:: Work to complete ::
Within the records below, find each line that holds the string "close", then copy it.

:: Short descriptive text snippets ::
Start of Block

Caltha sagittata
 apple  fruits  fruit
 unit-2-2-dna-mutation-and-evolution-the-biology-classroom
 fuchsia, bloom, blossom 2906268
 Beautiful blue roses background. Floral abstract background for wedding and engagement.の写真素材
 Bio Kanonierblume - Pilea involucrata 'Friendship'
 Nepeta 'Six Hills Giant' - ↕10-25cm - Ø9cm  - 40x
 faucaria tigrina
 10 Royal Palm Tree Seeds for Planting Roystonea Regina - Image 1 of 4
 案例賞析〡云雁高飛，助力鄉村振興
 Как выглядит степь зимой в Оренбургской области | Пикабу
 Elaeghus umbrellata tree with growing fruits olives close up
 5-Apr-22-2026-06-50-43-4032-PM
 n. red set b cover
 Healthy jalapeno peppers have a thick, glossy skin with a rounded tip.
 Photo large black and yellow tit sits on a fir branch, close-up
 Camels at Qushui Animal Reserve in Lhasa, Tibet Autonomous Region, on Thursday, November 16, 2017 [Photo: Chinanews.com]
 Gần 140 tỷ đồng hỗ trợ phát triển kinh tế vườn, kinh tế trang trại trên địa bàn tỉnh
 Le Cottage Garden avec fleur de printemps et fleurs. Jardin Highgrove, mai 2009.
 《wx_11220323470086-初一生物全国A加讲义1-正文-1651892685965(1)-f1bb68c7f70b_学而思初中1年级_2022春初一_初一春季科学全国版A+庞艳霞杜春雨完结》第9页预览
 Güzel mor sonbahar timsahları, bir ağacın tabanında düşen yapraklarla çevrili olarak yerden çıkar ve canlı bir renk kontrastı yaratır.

End of Block

:: Response area ::
 Elaeghus umbrellata tree with growing fruits olives close up
 Photo large black and yellow tit sits on a fir branch, close-up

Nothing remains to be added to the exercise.